Hi. Absolutely no problem at all, I know from being married for over 23 years to a Spanish lady that mainland Spain can get mixed up with Mexico in a nice way and the Mexicans have some great food . When I walked her this morning "On the lead" I did notice she was jumpy but she was not alone..............................


----------



## Maika (May 11, 2012)

4dognight said:


> I am glad you are OK and bravo for doing what you had to do to protect your puppy. very scary I would have done the same thing Can you get bear spray Maybe someone can mail you some?? That had to be so scary We have areas here in the USA that people take pride in their"junk yard" dogs so I understand I am glad noone got seriously hurt or killed It could have turned out very different. Take your girl for rides she will do fine Most GSD's love to ride in cars!!!


Hi. Yes I think you and a few others who have kindly replied and of which I have learn t a few things and has made me think of a few safety precautions. I think I will start taking her out in the car. It's a shame there are no parks around here at all. I think I will do a video of the area where I live and post it on youtube with a link so all you guys can see where I live and the situation I have in hand. Will give some of you a laugh as well as my vids are un cut and just straight as I record them. Best Regards.


----------



## Maika (May 11, 2012)

RebelGSD said:


> How scary, you could have gotten hurt pretty badly.
> Car training a puppy is easy, most are naturals and love it, a few get carsick. It is easiest with a crate. Jost get her to potty. Before she gets into the car or use a crate. You can buy a liner for the seat.


Sound advice. Thank you and all my very best Regards


----------



## Maika (May 11, 2012)

DharmasMom said:


> WOW. Scary! Scary! Scary! So glad you and your little girl are okay!! I would definitely get the stun stick and anything else I could think of that would protect me and my puppy when out walking.
> 
> I love dogs as much as anyone here but when it comes to protecting MY dogs from and aggressive, out of control dog- I know which one I am going to choose. Every. Single. Time.

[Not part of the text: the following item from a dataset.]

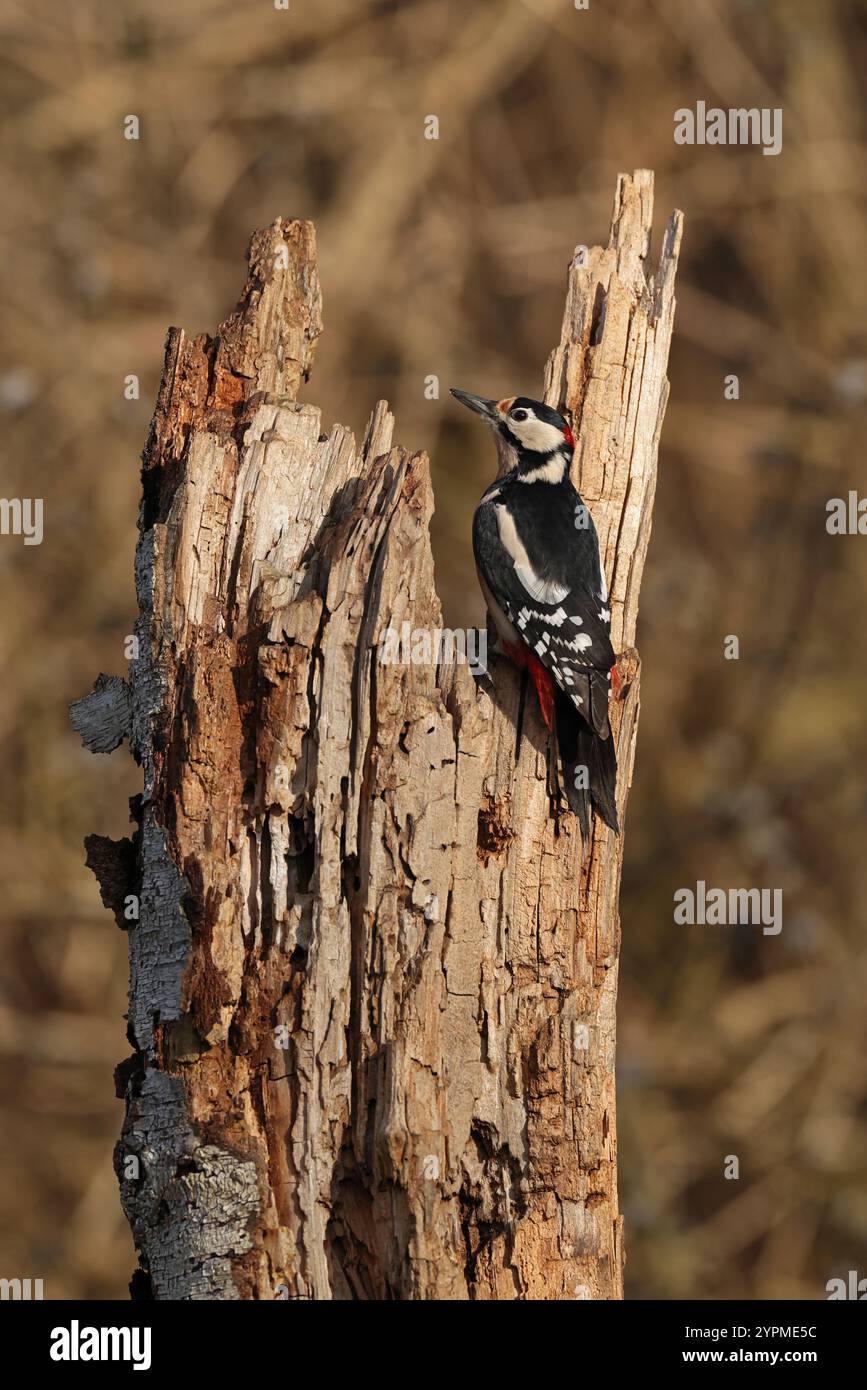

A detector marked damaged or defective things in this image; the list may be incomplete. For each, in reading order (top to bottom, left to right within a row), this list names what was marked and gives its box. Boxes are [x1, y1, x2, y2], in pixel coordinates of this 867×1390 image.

splintered wood [74, 176, 680, 1301]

Correct, we all love our dogs and all animals in general but as you say when a full on attack takes place then you have to protect yourself and your own. take care and Best Regards.


----------



## Maika (May 11, 2012)

JeanKBBMMMAAN said:


> We have 2 choices in this thread.
> 1. Continue this side conversation in another thread in chat and keep this thread for the OP.
> 
> 2. Continue this side conversation in this thread and get it locked, leaving the OP without a place to talk about a pretty scary event that happened to her and to her puppy.
> ...


Hi, sorry I don't understand this one?? I am not really used to forums. Am I using the "Quote" to much? I just like to reply to each person individually to be polite. Please let me know if I am doing something wrong.


----------



## Maika (May 11, 2012)

codmaster said:


> So we can say "most Spanish" people treat their dogs like that? What about in the big cities (if she lives in the country - or vice versa if she lives in a big city)?
> 
> Thus, we could also predict the behavior of rural Vermont people based on what people do in Manhatten - true?
> 
> Much too wide a generalization for me but anyone can believe anything that they like about stereotypes and generalizations about behavior. Doesn't really matter (unless and until you get impacted by such over generalizations/stereotyping.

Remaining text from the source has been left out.